▸ Aim of the task: Copy out the data exactly as it appears, without a single image.

▸ Material provided:
━━━
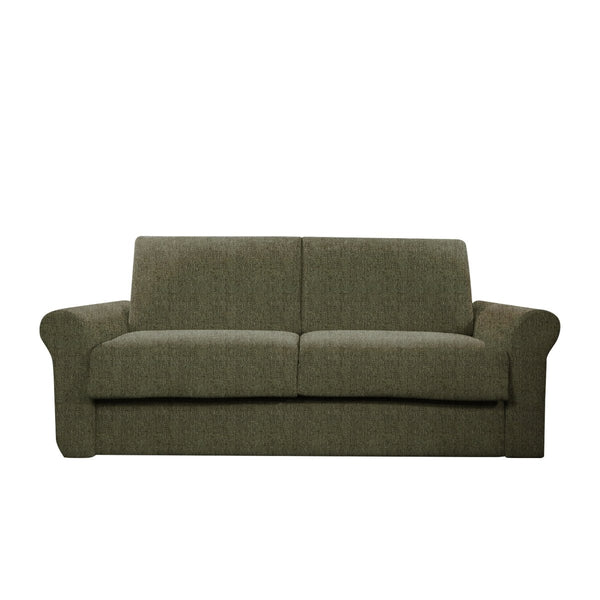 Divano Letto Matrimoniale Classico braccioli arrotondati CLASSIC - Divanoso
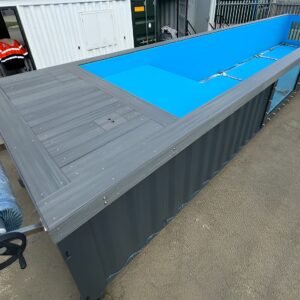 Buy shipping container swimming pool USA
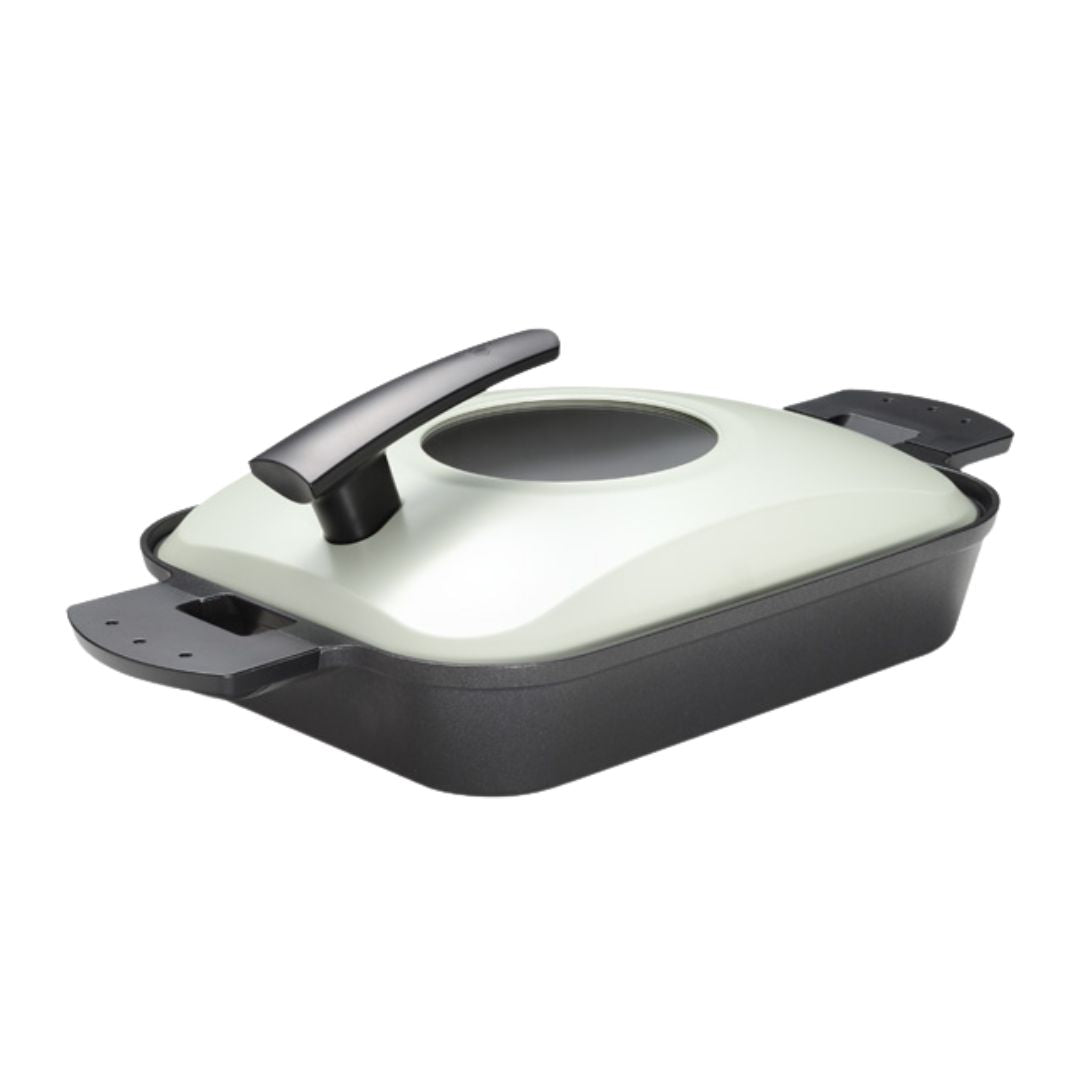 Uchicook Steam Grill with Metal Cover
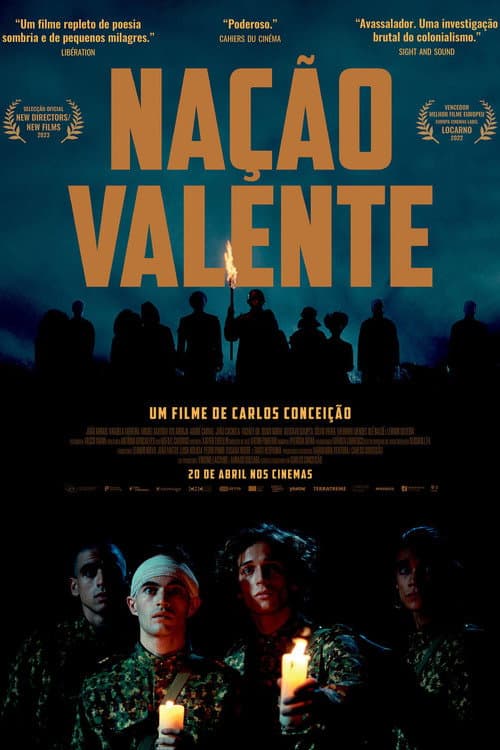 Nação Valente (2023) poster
━━━
▸ Answer to this exercise:
 Divano Letto Matrimoniale Classico braccioli arrotondati CLASSIC - Divanoso
 Buy shipping container swimming pool USA
 Uchicook Steam Grill with Metal Cover
 Nação Valente (2023) poster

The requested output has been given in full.